Iran isn’t actively supporting terrorist cells in Latin America and its influence is waning in the region after almost a decade of promises to increase investment, according to a State Department report.
While Iran’s interest in Latin America is a “concern,” sanctions have undermined efforts by the Islamic republic to expand its economic and political toehold in the region, according to the unclassified summary of yesterday’s report.
“As a result of diplomatic outreach, strengthening of allies’ capacity, international nonproliferation efforts, a strong sanctions policy, and Iran’s poor management of its foreign relations, Iranian influence in Latin America and the Caribbean is waning,” according to the report.
The findings disappointed some Republican lawmakers who say President Barack Obama’s administration is underestimating the threat from Iran. The report comes as the U.S. takes a wait-and-see approach to President-elect Hassan Rohani, who has vowed to seek more dialog with the U.S.

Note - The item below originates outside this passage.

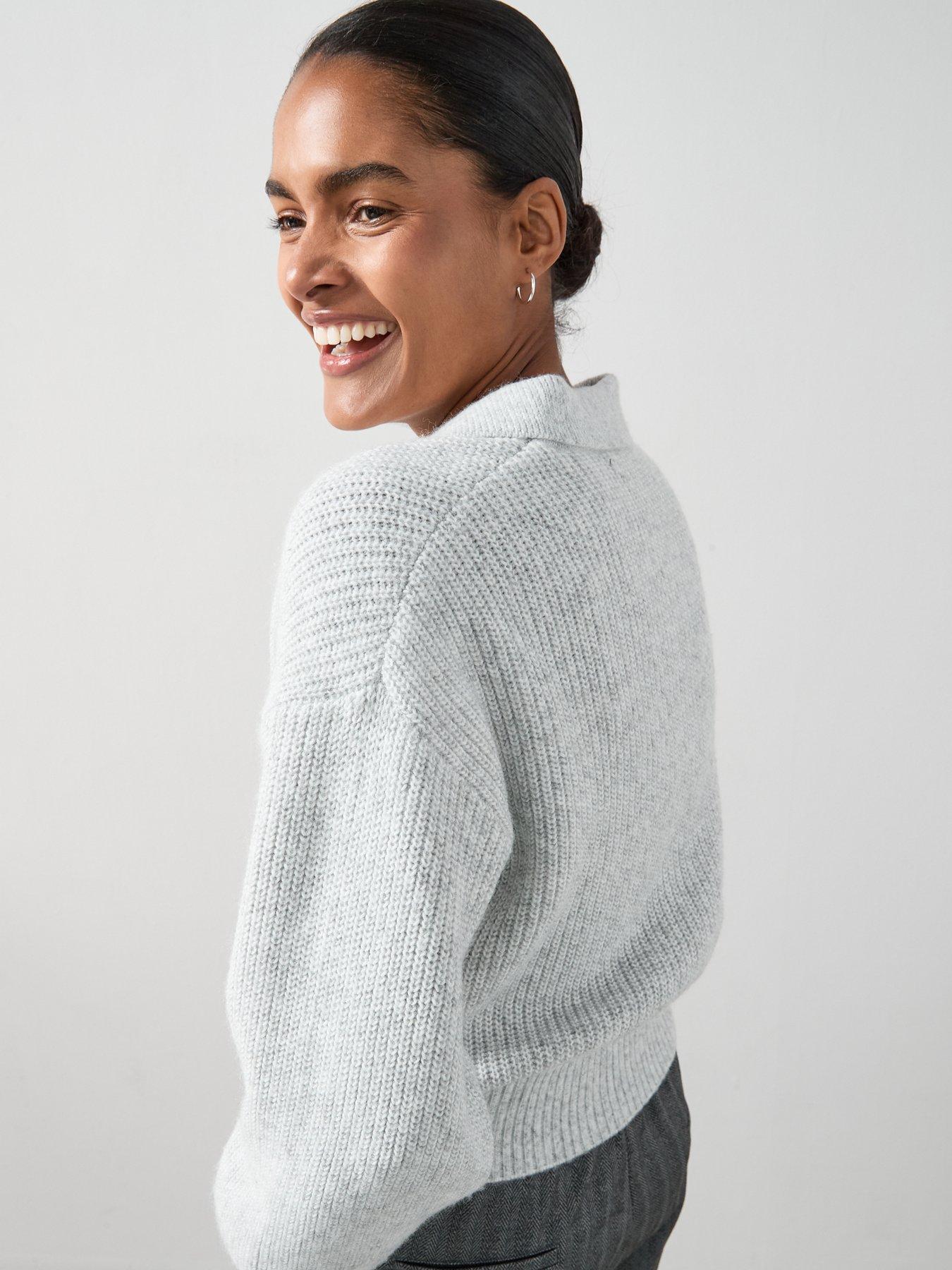 Image 6 of 6 of The Very Collection Collared Balloon Sleeve Jumper - Grey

“I believe the Administration has failed to consider the seriousness of Iran’s presence here at home,” said Congressman Jeff Duncan, a Republican from South Carolina who wrote the legislation requiring the State Department report. “I question the methodology that was used in developing this report.”
The U.S. stepped up its monitoring of Iran’s presence in Latin America in a bid to isolate the country over its nuclear program and after President Mahmoud Ahmadinejad forged closer ties with anti-American allies of the late Venezuelan President Hugo Chavez. While Iran’s outreach bears watching, claims about more sinister activities are unproven, said Christopher Sabatini, senior policy director at the Council of the Americas.

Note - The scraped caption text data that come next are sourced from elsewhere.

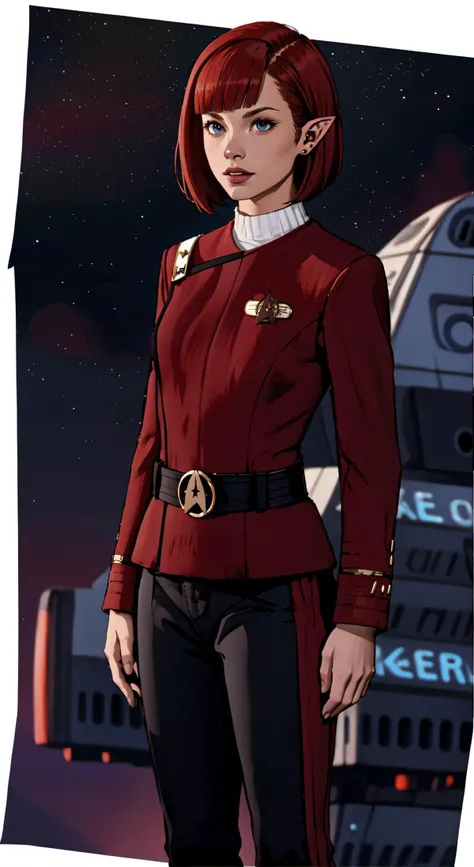 (Teens:1girl: beautiful woman hijab,twokunf uniform,hijab style), (extremely detailed CG unit 8k wallpaper),(master part), (best quality), (ultra detali), (best illustration),(melhor ombre), cowboy shot, (Sharp eyeliner, ombre, detailed eyes:1), Starship bridge background, ,break , (star15escola:1.2), upper body,short hair, black hair, 1woman,1girl, red top, black pant, glasses,wearing a white hijab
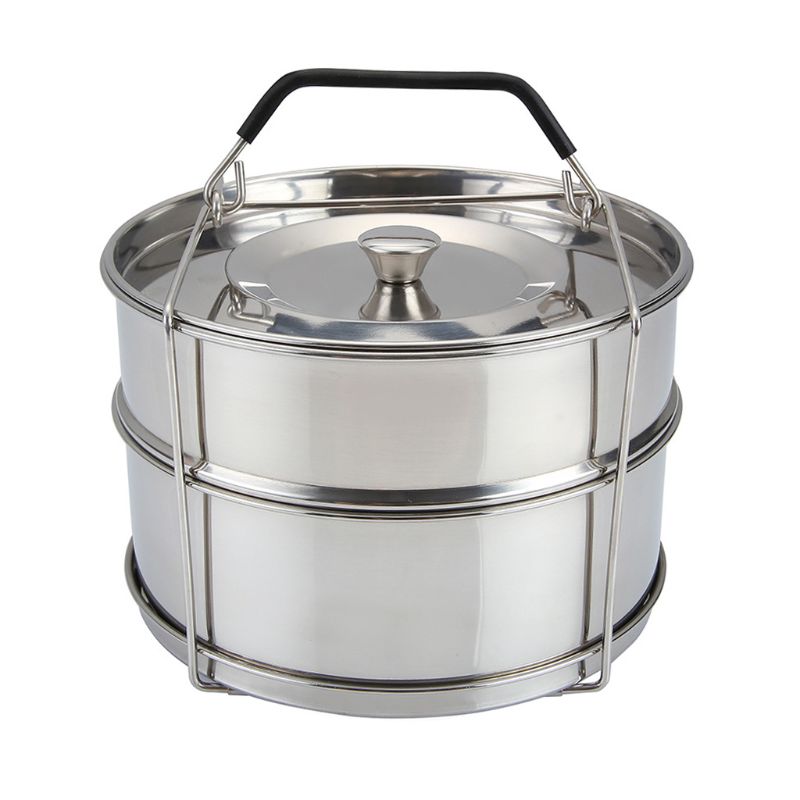 Stainless Steel Double Layer 2 Lid Stackable Steamer with Handheld Clamping Frame Home Kitchen Cooking Tools for Pressure Cooker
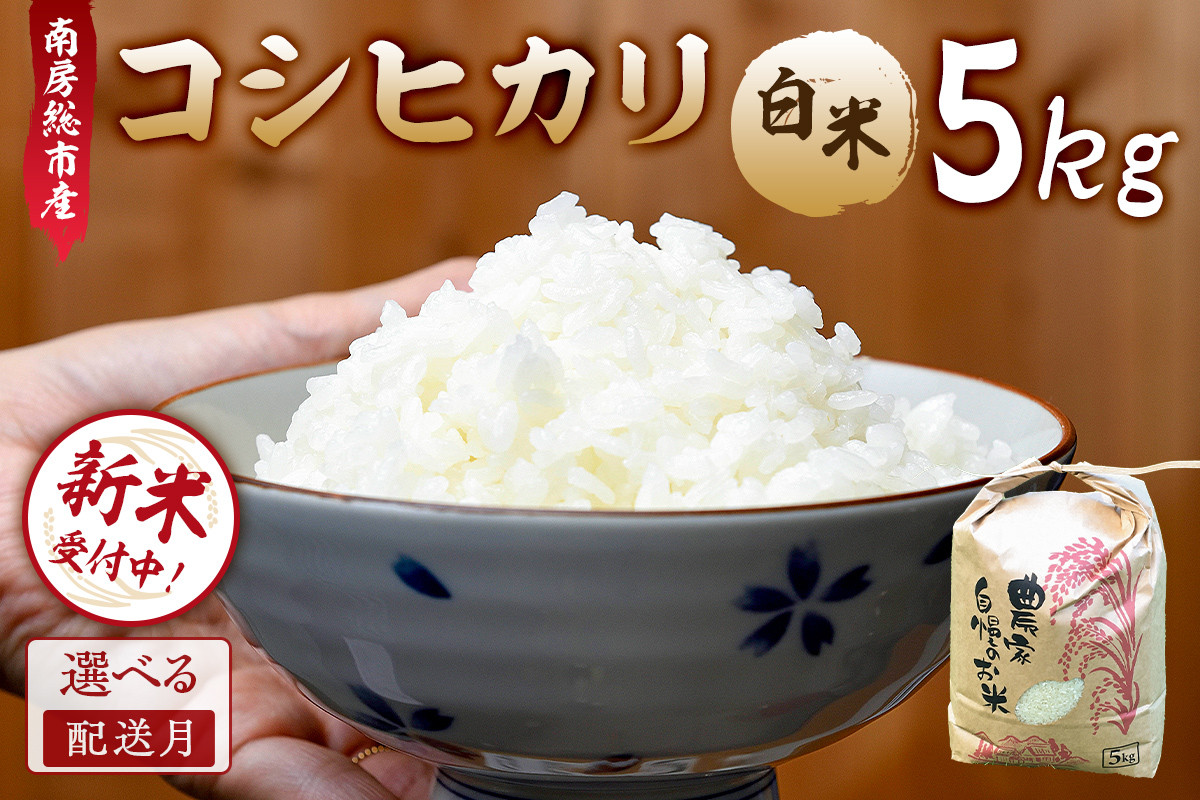 
【配送月が選べる】【新米】南房総市産コシヒカリ5kg【2024年産】 mi0018-0012
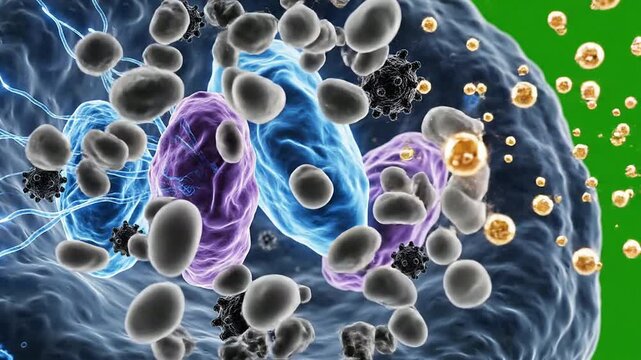A Microscopic Journey Into A Vibrant Skin Cell Showcasing Intricate Biological Interactions In Stunning 4K Detail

“It’s a shame that in such a dynamic hemisphere in which we have so many diplomatic initiatives that for some -- especially Congress -- attention to the region has boiled down to mostly spurious charges about Iranian infiltration,” Sabatini said via e-mail.
Ahmadinejad made repeated trips to Latin America after taking office in 2005, most recently to Caracas to attend Chavez’s funeral in March and the inauguration of his successor, Nicolas Maduro, a month later.
By contrast, Rohani has said little about the region since his surprise victory earlier this month. Instead, he said one of his main foreign policy priorities will be seeking “constructive dialog” with the U.S. and U.K., two nations with which the country has traditionally been at odds.
“We’ll seek to have good relations with all nations, including Latin American states,” Rohani said during his first post-election press conference June 17, in response to a question about the attention he’ll devote to Latin America.
Under Ahmadinejad’s watch, Iran added embassies in Latin America and more than doubled trade with Brazil, the region’s biggest economy. With Chavez, Ahmadinejad signed more than 100 accords to support everything from a campaign to build homes in Venezuela to a joint venture to manufacture bicycles, which Chavez jokingly referred to as “atomic” two-wheelers.
The two countries also established in Caracas the Banco Internacional de Desarrollo, which together with its main Iranian shareholder, Bank Saderat, is accused by the U.S. of being a vehicle for the Ahmadinejad government’s funding of the Middle Eastern terrorist group Hezbollah.
Yet with Iran’s economy crippled by sanctions, many of the projects haven’t gotten off the ground. For example, pledges from 2007 and 2008 to help build a $350 million deep-water port off Nicaragua’s Atlantic coast and an oil refinery in Ecuador have yet to materialize. Nor has it built what former Secretary of State Hillary Clinton warned would be a “huge” embassy in Managua.
That hasn’t prevented the Obama administration from trying to curb Iran’s influence. In 2011, it imposed sanctions on state-owned oil company Petroleos de Venezuela SA for defying sanctions on Iran. It also implicated an Iranian man working out of Mexico in a plot to kill Saudi Arabia’s ambassador to Washington.